(Stored records)
===
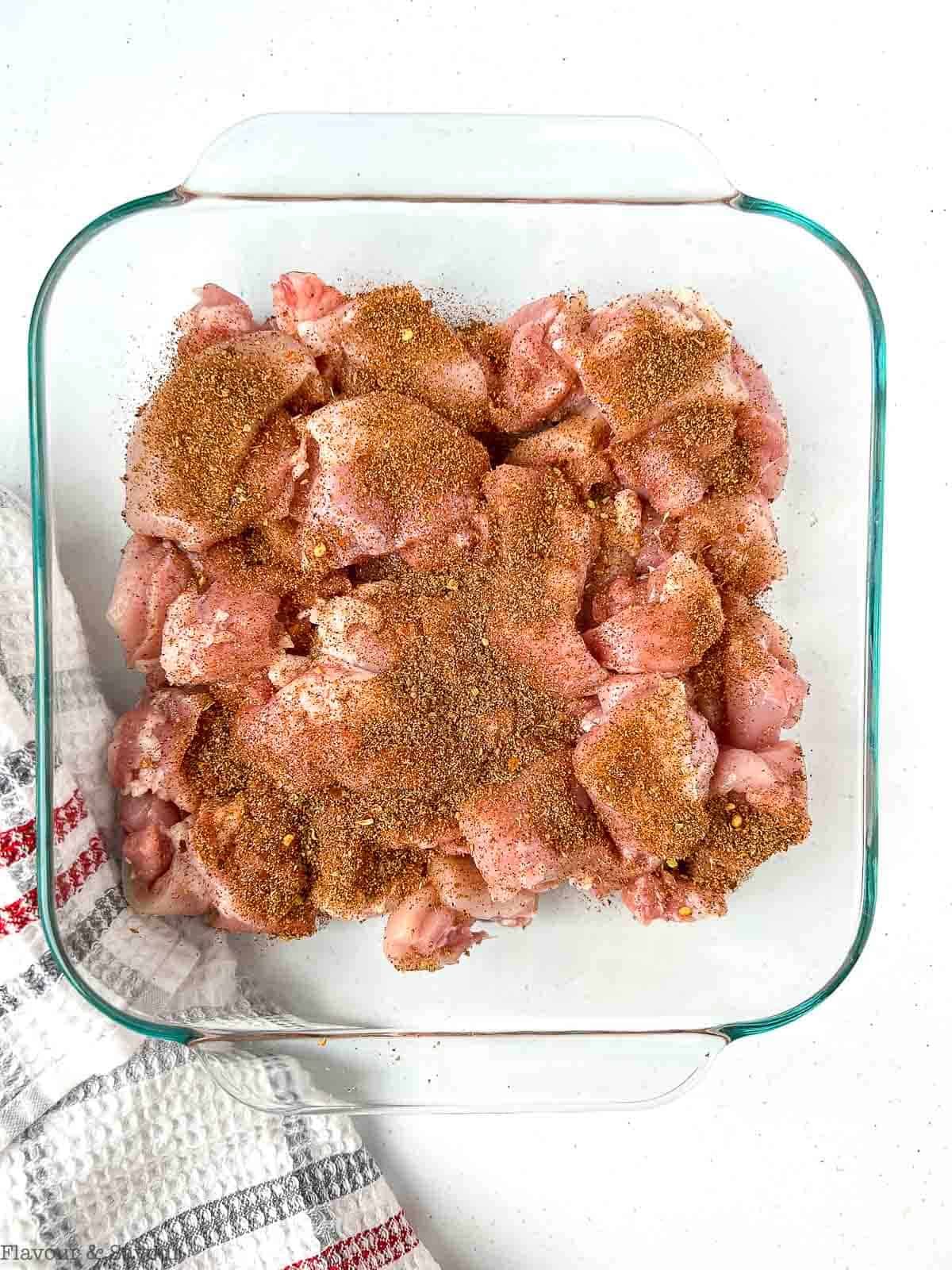 Cubed chicken thighs tossed with fajita seasoning mix in a glass pan.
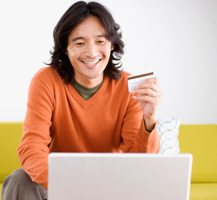 man with laptop and credit card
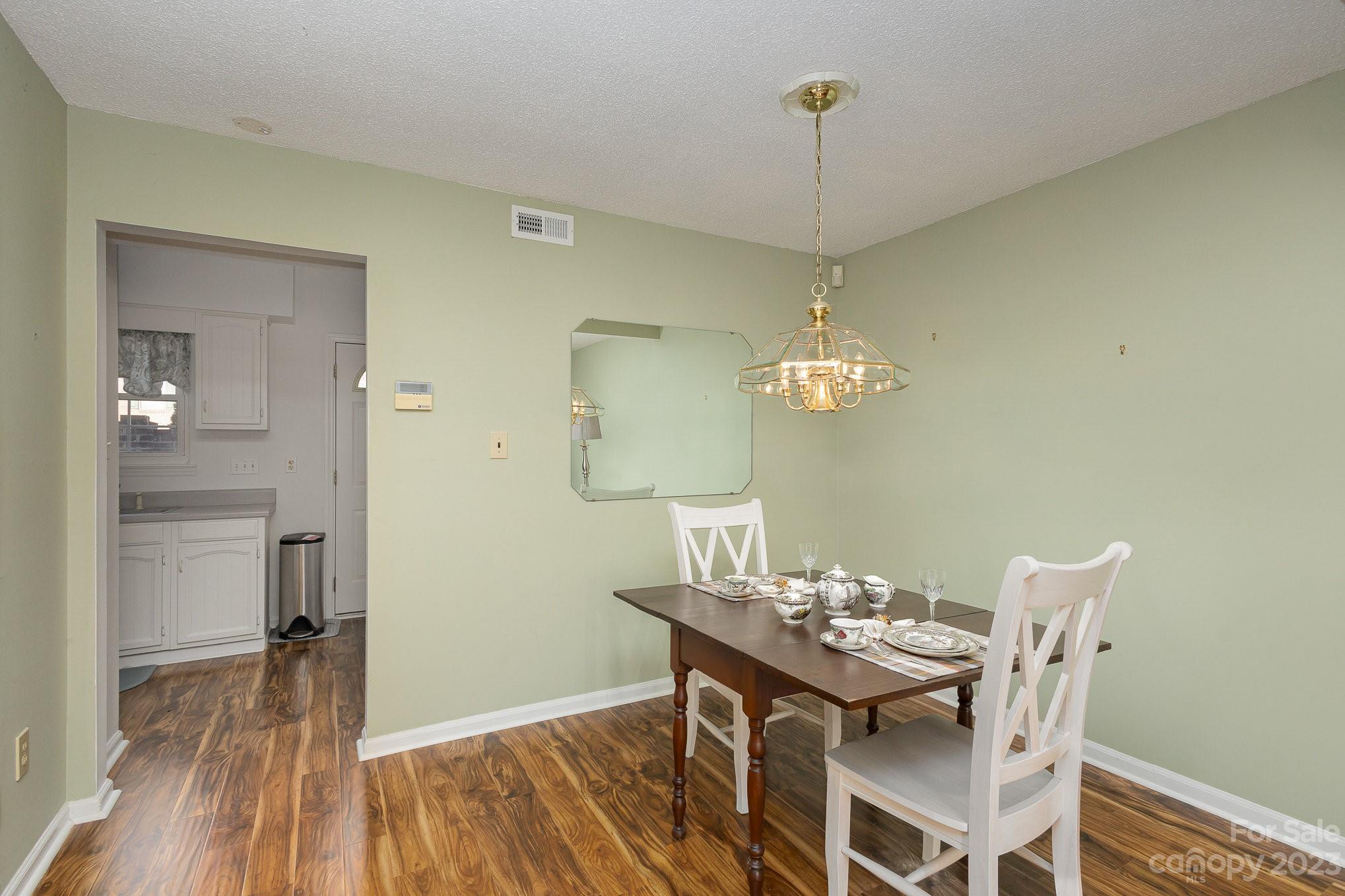 10927 Park Road Charlotte, NC 28226 - Photo 7 of 28 a dining room with wooden floor a chandelier a wooden table and chairs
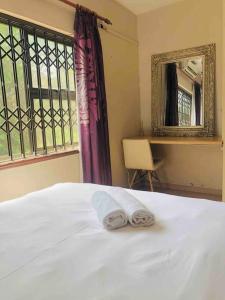 1 dormitorio con 1 cama y 2 toallas plegables. en Modern Luxury 3 bedroom house en Durban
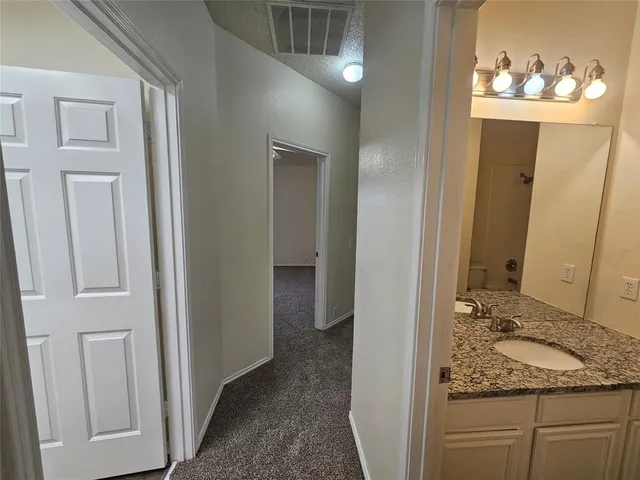 a view of a bathroom from a hallway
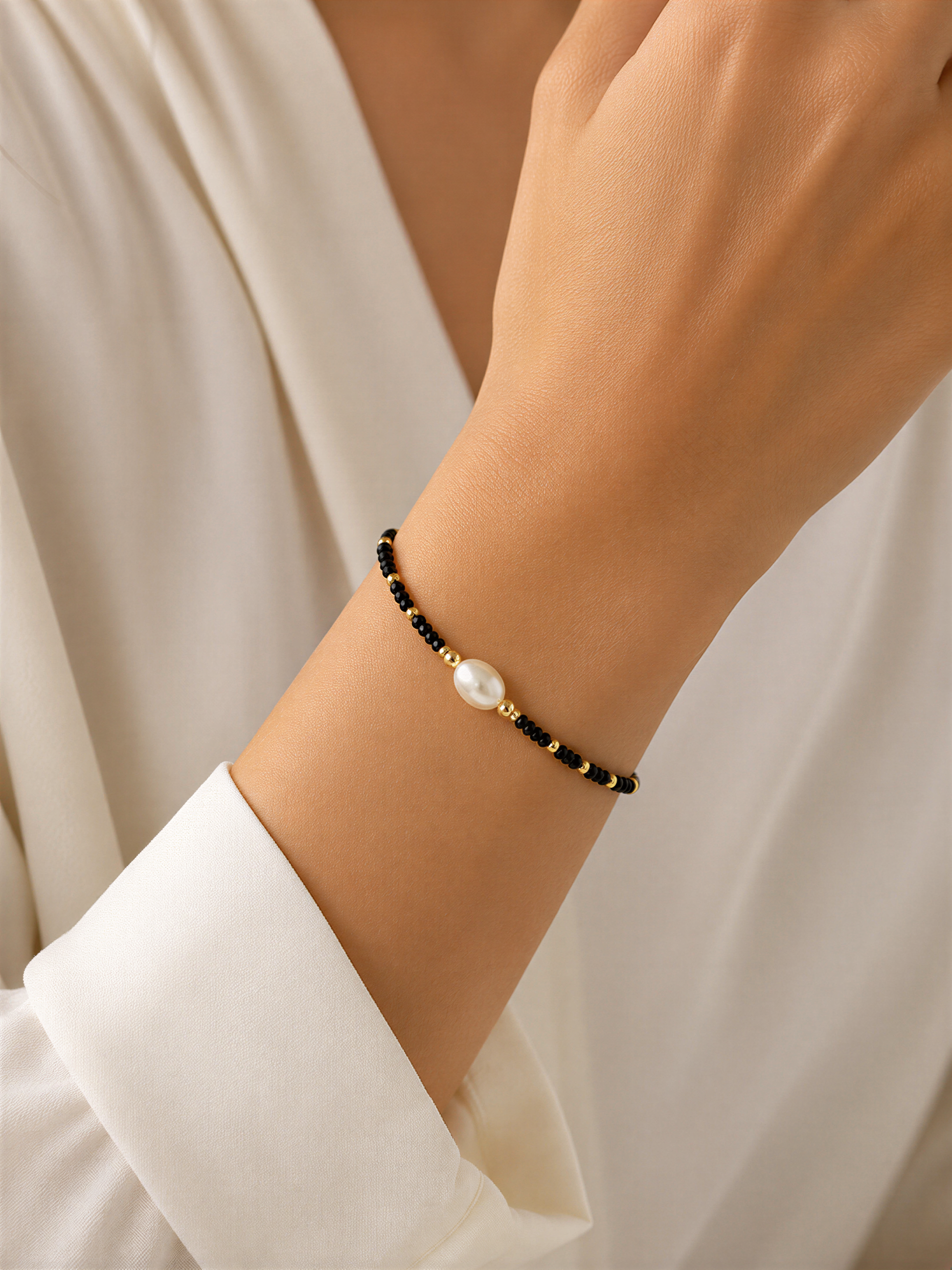 A close-up view of a person's wrist wearing a black and gold bead bracelet with a single pearl bead.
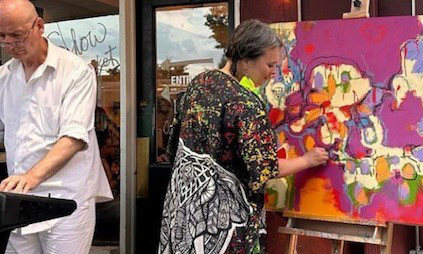 Person paints a colorful abstract artwork on an easel outside a building while another person stands at a nearby table.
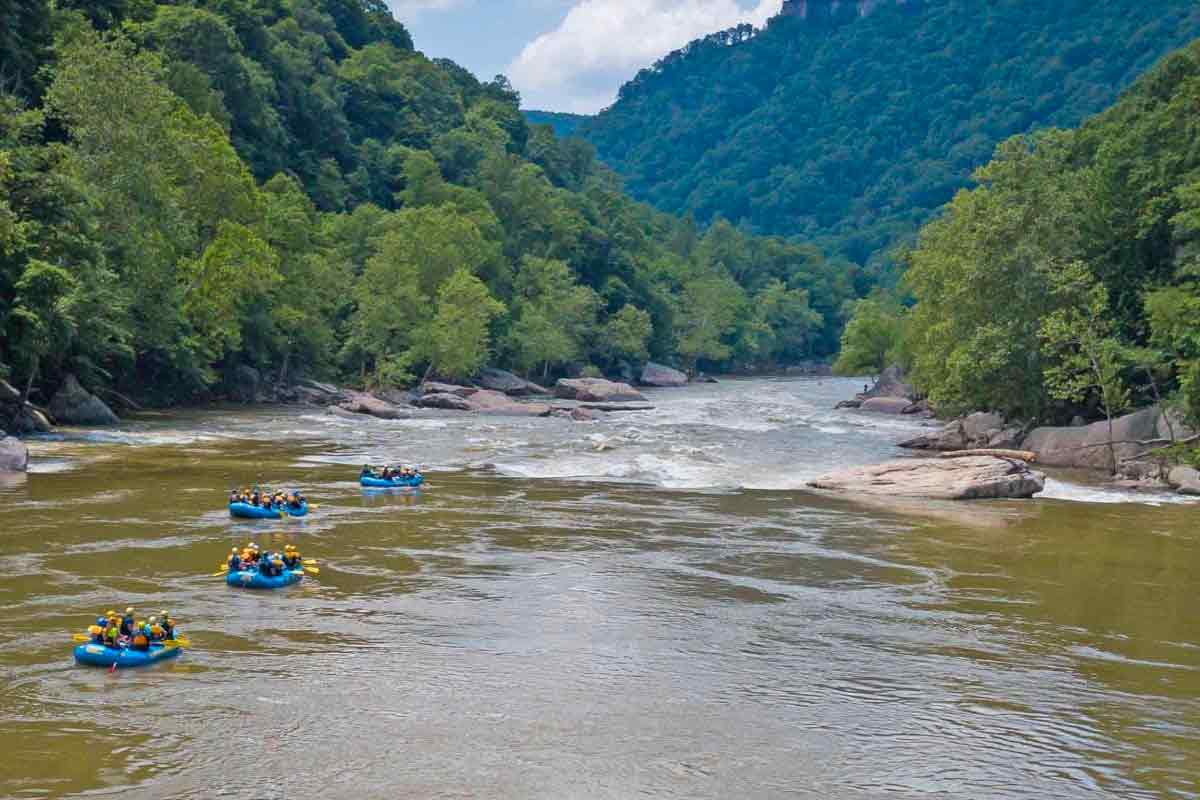Spring time brings the biggest waves you find on a New River Gorge white water rafting trip in West Virginia with ACE Adventure Resort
===
§ WHAT THE TASK REQUIRES:
Print only the lines from the first line of the data above through the one containing "Person paints a", exactly as they are, with pictures omitted.

§ COMPLETED EXERCISE:
 Cubed chicken thighs tossed with fajita seasoning mix in a glass pan.
 man with laptop and credit card
 10927 Park Road Charlotte, NC 28226 - Photo 7 of 28 a dining room with wooden floor a chandelier a wooden table and chairs
 1 dormitorio con 1 cama y 2 toallas plegables. en Modern Luxury 3 bedroom house en Durban
 a view of a bathroom from a hallway
 A close-up view of a person's wrist wearing a black and gold bead bracelet with a single pearl bead.
 Person paints a colorful abstract artwork on an easel outside a building while another person stands at a nearby table.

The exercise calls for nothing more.